CN107193036A - A kind of modified nuclear signal trapezoidal pulse manufacturing process and device - Google Patents

Abstract

The invention discloses a kind of modified nuclear signal trapezoidal pulse manufacturing process and device, it can improve the signal pile-up problem in the shaping of nuclear signal trapezoidal pulse, improve the degree of accuracy and the energy resolution of spectral measurement.The device includes delay unit, the first discrete filter, the second discrete filter, gain unit and difference engine；Wherein, the delay unit is used to carry out delay process to detector output signal according to delay factor, obtains time delayed signal；The dispersive filter is used to carry out discrete filter processing to time delayed signal according to discrete filter factor, obtains discrete filter signal；The gain unit is used to carry out gain compensation to discrete filter signal according to gain factor, obtains thermal compensation signal；The difference engine is used to carry out difference processing to thermal compensation signal according to difference factor, obtains trapezoidal pulse signal.

Description

Improved nuclear signal trapezoidal pulse forming method and device

Technical Field

The invention relates to the technical field of nuclear signal processing, in particular to an improved nuclear signal trapezoidal pulse forming method and device.

Background

Spectral measurement of radiation, including measurement of its count distribution with energy, is an important aspect of nuclear radiation detection. Due to the high requirements of measurements such as X-rays on resolution, count rate and system stability, there are high requirements on the digital processing of nuclear pulse signals. In a nuclear energy spectrum measurement system/detector, nuclear pulse signals need to be filtered and shaped in order to reduce the influence of noise, ballistic deficit and the like on spectrum measurement.

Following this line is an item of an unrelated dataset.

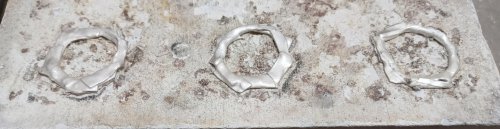 Judy Larson's Ribbon Wrapped Bracelet tips - , Wire Jewelry Design, Design,  circular shapes light gray, mottled surface.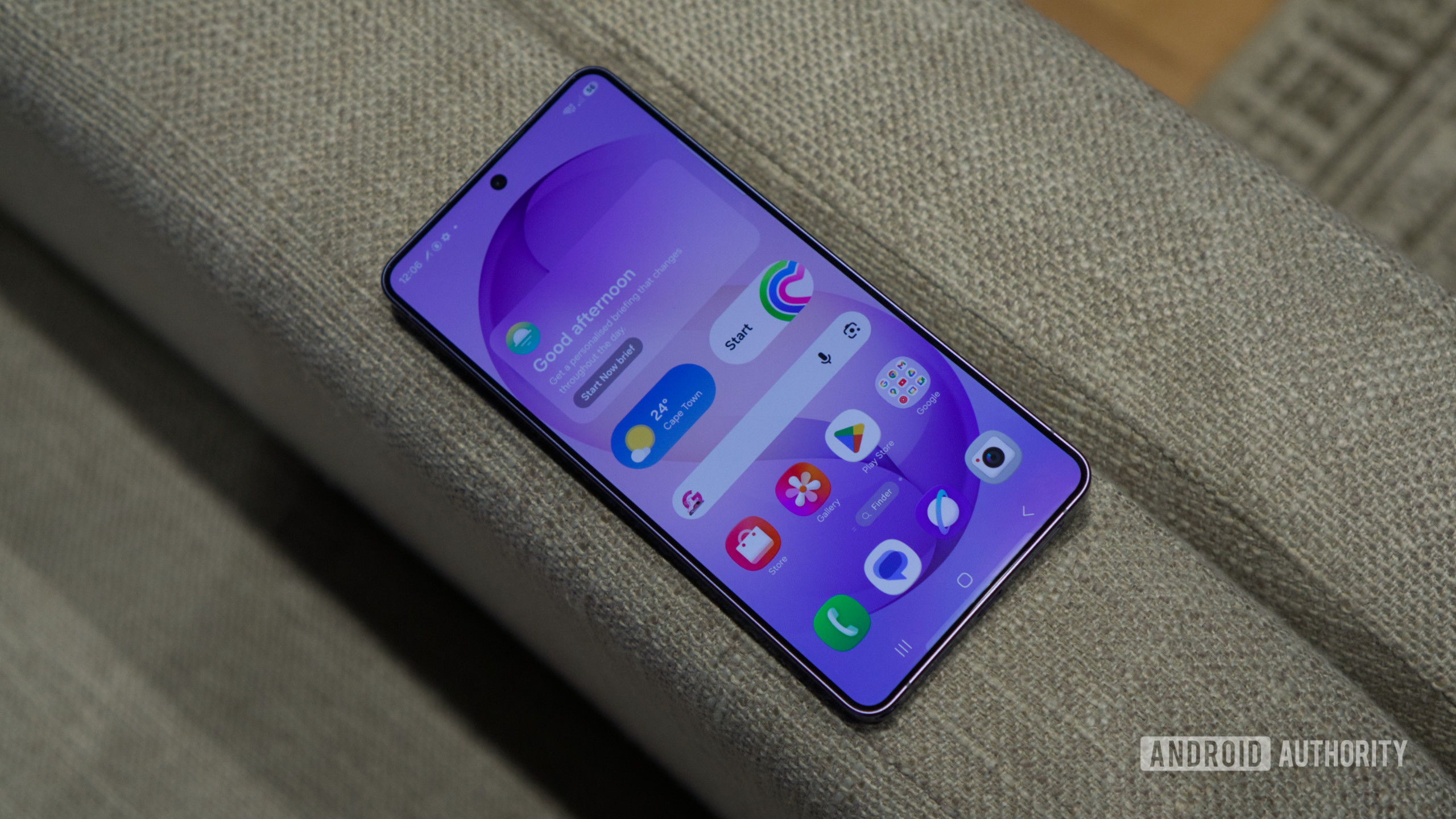 Samsung Galaxy S26 Ultra screen up on couch The Samsung Galaxy S26 Ultra, showing its home screen.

Trapezoidal shaping can reduce or eliminate ballistic deficit, which can be avoided when the trapezoidal flat top width is greater than the detector maximum charge collection time. Thus, trapezoidal shaping is an important method for kernel pulse signal filter shaping. Compared with the analog trapezoid forming, the digital trapezoid forming can be realized by the field programmable gate array FPGA when the width of the trapezoid is adjusted, hardware is not required to be adjusted, and the digital trapezoid forming has higher flexibility and stability.

The Chinese patent application with application publication number CN 103837884A discloses a digital nuclear pulse trapezoidal forming method based on an impulse response invariant method, which overcomes part of the defects of nuclear pulse analog trapezoidal forming and realizes the trapezoidal forming of digital nuclear pulse signals. However, this approach does not solve the signal pile-up problem. The document "pulse shape real-time digital synthesis for high resolution radiation spectra" (Jordanov V T and Knoll G F. digital synthesis of pulses in real time for high resolution radiation spectroscopy. Nuclear Instrument A, 1994, 345: 337-345. DOI: 10.1016/0168-. However, signal pile-up problems in trapezoidal pulse shaping result in lower accuracy and energy resolution of the energy spectrum measurement.

Although the step signal (with the horizontal axis as time and the unit of microseconds) with the same order law as shown in fig. 1 is taken as the continuous output of the detector, the output of the amplifier processed by the trapezoid forming algorithm in the prior art is the standard negative exponential signal, the trapezoid pulse output shown in fig. 2 can be obtained, the energy resolution is high, and the problem of accumulation of trapezoid forming does not exist. However, real nuclear radiation measurements are characterized by statistical properties, non-periodicity, non-equivalence, and the like, and therefore the real nuclear signal detector output is not always exactly as shown in fig. 1. The continuous output of the detector closer to the true nuclear signal is often an irregular step signal as shown in fig. 3, in which case the trapezoidal pulse signal obtained is shown in fig. 4. Trapezoidal shaping does not work because adjacent pulses cannot be resolved, and only overlapping pulses can be discarded, resulting in reduced energy resolution.

Disclosure of Invention

At least one of the objectives of the present invention is to provide an improved method and apparatus for trapezoidal pulse shaping of nuclear signals, which can improve the problem of signal accumulation in trapezoidal pulse shaping of nuclear signals, and improve the accuracy and energy resolution of energy spectrum measurement.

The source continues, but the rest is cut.